Read the next one, you won't be disappointed.

Yet another one from Gulmohar; I would not mind spending money to collect those books I had used during my school years and add to my collection. Those books are like photo albums to me as each page of those text books have so much links to my yonder years.

Anyways, the next poem tells the story of a person who has everthing a man could want. Yet this king is so unhappy with life so as to "hatch
a malady in gloom
". It takes almost a year to find the remedy which happens to be wearing the shirt of a poor but a happy bloke.


The Enchanted Shirt - John Hay (1838-1905)
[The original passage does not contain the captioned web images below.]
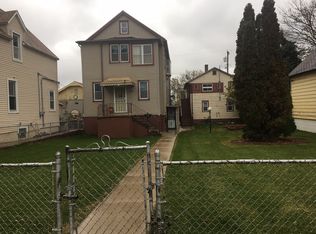 4919 Melville Ave, East Chicago, IN 46312
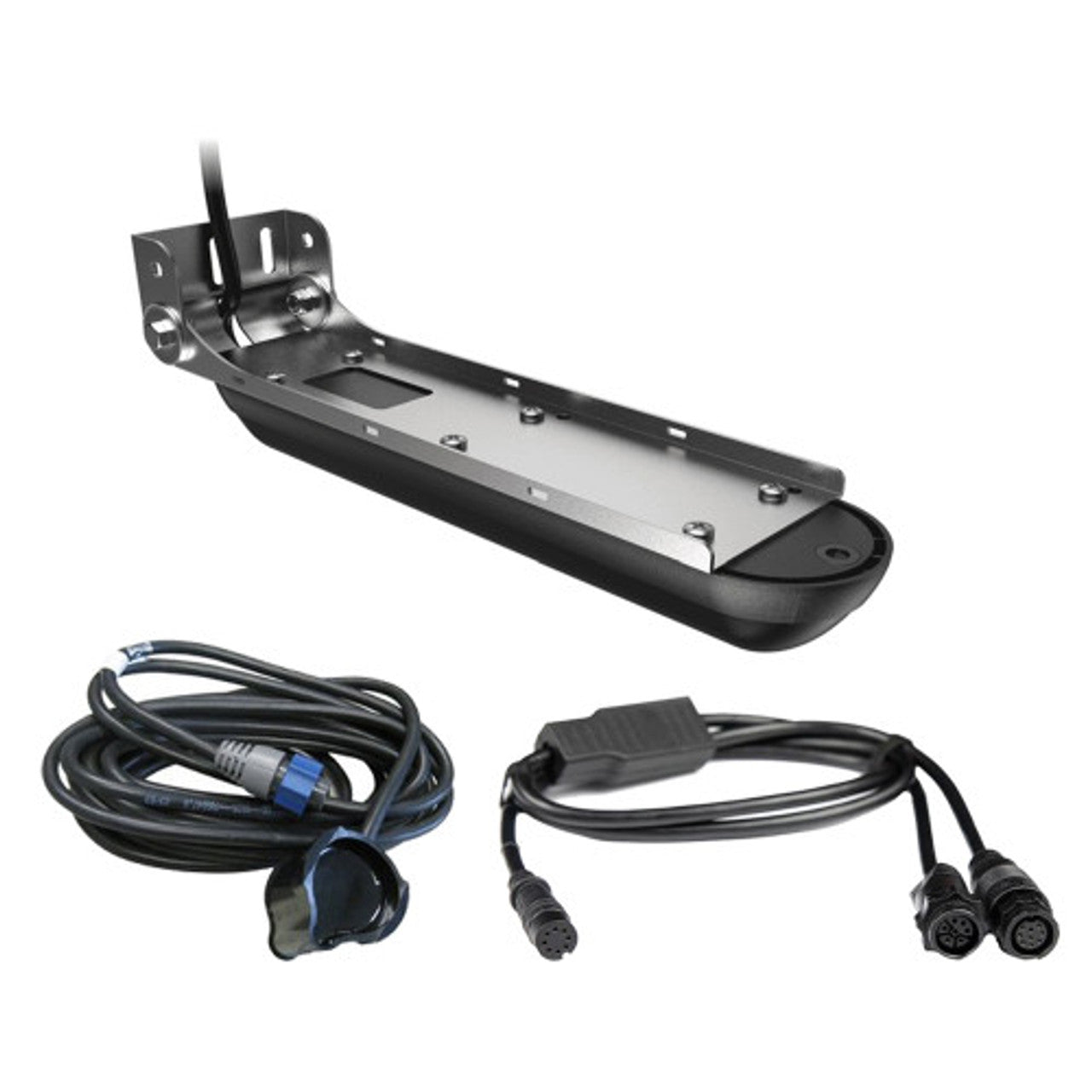 Lowrance Active Imaging 2-in-1 Transom Transducer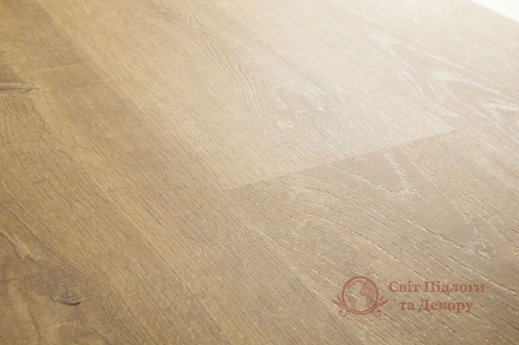 Ламінат Quick Step, кол. Eligna, Дуб Riva Natural EL 3578 фото №2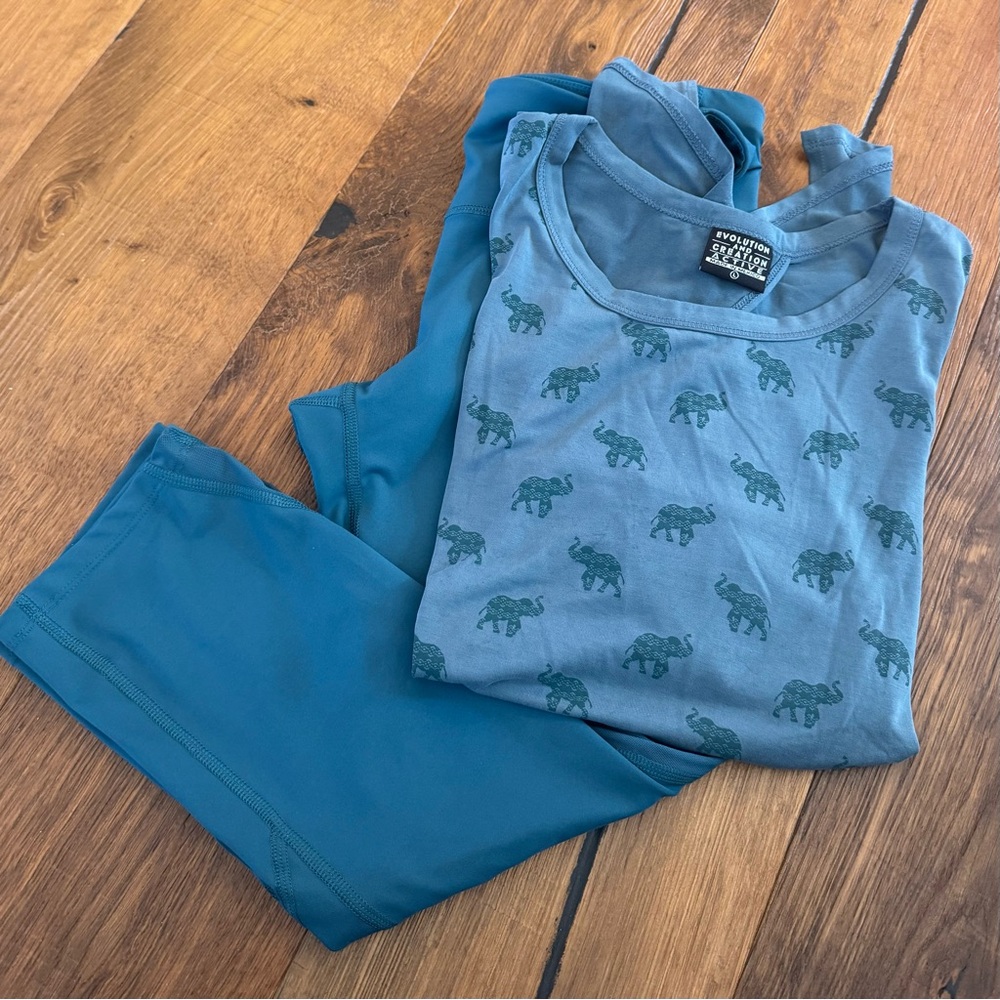 Leisure Or Athletic Bundle Set - image 2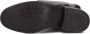 Notre-v Hoge Laarzen 2fly326 Cognac Kleur Brown Dames - Thumbnail 6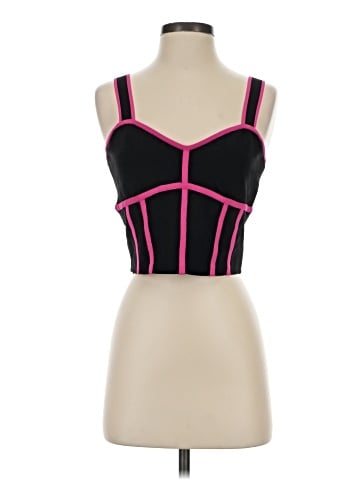 BCBGMAXAZRIA Tank Top (view 1)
Fytte the First: wherein it shall be shown how the Truth is too mighty a Drug for such as be of feeble temper

The King was sick. His cheek was red
And his eye was clear and bright;
He ate and drank with a kingly zest,
And peacefully snored at night.

But he said he was sick, and a king should know,
And doctors came by the score.
They did not cure him. He cut off their heads
And sent to the schools for more.

At last two famous doctors came,
And one was as poor as a rat,
He had passed his life in studious toil,
And never found time to grow fat.

The other had never looked in a book;
His patients gave him no trouble,
If they recovered they paid him well,
If they died their heirs paid double.

Together they looked at the royal tongue,
As the King on his couch reclined;
In succession they thumped his august chest,
But no trace of disease could find.

The old sage said, "You're as sound as a nut."
"Hang him up," roared the King in a gale,
In a ten-knot gale of royal rage;
The other leech grew a shade pale;

But he pensively rubbed his sagacious nose,
And thus his prescription ran,
The King will be well, if he sleeps one night
In the Shirt of a Happy Man.

Fytte the Second: tells of the search for the Shirt and how it was nigh found but was not, for reasons which are said or sung

Wide o'er the realm the couriers rode,
And fast their horses ran,
And many they saw, and to many they spoke,
But they found no Happy Man.

They found poor men who would fain be rich,
And rich who thought they were poor;
And men who twisted their waists in stays,
And women that shorthose wore.

They saw two men by the roadside sit,
And both bemoaned their lot;
For one had buried his wife, he said,
And the other one had not.

At last as they came to a village gate,
A beggar lay whistling there;
He whistled and sang and laughed and rolled
On the grass in the soft June air.

The weary couriers paused and looked
At the scamp so blithe and gay;
And one of them said, "Heaven save you, friend!
You seem to be happy to-day."

"Oh, yes, fair sirs," the rascal laughed,
And his voice rang free and glad,
"An idle man has so much to do
That he never has time to be sad."

"This is our man," the courier said;
"Our luck has led us aright.
I will give you a hundred ducats, friend,
For the loan of your shirt to-night."

The merry blackguard lay back on the grass,
And laughed till his face was black;
"I would do it, God wot," and he roared with the fun,
"But I haven't a shirt to my back."

Fytte the Third: shewing how His Majesty the King came at last to sleep in a Happy Man his Shirt

Each day to the King the reports came in
Of his unsuccessful spies,
And the sad panorama of human woes
Passed daily under his eyes.

And he grew ashamed of his useless life,
And his maladies hatched in gloom;
He opened his windows and let the air
Of the free heaven into his room.

And out he went in the world and toiled
In his own appointed way;
And the people blessed him, the land was glad,
And the King was well and gay.

 
Posted on 05-14-07 5:27 PM     Reply [Subscribe]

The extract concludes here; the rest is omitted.